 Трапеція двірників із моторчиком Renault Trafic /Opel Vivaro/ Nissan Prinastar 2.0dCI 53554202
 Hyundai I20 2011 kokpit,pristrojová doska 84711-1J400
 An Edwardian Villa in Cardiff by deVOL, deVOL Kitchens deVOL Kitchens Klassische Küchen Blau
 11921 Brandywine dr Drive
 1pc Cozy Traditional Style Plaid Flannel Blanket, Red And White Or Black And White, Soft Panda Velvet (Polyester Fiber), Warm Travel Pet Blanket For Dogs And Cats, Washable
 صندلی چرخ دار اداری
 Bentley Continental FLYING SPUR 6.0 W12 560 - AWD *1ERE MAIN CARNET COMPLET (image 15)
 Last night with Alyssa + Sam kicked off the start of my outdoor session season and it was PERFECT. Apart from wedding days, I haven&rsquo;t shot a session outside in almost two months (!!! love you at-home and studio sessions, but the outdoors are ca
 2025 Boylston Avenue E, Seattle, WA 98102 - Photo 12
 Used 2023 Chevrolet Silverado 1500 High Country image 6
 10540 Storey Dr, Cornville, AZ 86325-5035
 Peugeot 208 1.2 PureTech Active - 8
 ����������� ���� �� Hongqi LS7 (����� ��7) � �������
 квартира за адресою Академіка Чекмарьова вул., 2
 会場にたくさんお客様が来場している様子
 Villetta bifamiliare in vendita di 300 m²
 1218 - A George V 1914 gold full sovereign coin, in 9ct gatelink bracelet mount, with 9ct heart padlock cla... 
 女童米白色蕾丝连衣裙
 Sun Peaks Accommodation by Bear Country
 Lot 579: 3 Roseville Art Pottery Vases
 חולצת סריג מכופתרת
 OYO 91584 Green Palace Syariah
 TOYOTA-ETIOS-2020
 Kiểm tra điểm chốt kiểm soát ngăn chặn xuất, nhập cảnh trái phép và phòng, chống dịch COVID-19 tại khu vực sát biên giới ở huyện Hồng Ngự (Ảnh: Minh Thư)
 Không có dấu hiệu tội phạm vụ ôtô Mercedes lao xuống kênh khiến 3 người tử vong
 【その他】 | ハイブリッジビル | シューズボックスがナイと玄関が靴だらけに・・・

How to complete this task ::
Your reply should be a verbatim retyping of the lines from the one that holds "Sun Peaks Accommodation by Bear Country" through the last line of the entries.

Expected answer ::
 Sun Peaks Accommodation by Bear Country
 Lot 579: 3 Roseville Art Pottery Vases
 חולצת סריג מכופתרת
 OYO 91584 Green Palace Syariah
 TOYOTA-ETIOS-2020
 Kiểm tra điểm chốt kiểm soát ngăn chặn xuất, nhập cảnh trái phép và phòng, chống dịch COVID-19 tại khu vực sát biên giới ở huyện Hồng Ngự (Ảnh: Minh Thư)
 Không có dấu hiệu tội phạm vụ ôtô Mercedes lao xuống kênh khiến 3 người tử vong
 【その他】 | ハイブリッジビル | シューズボックスがナイと玄関が靴だらけに・・・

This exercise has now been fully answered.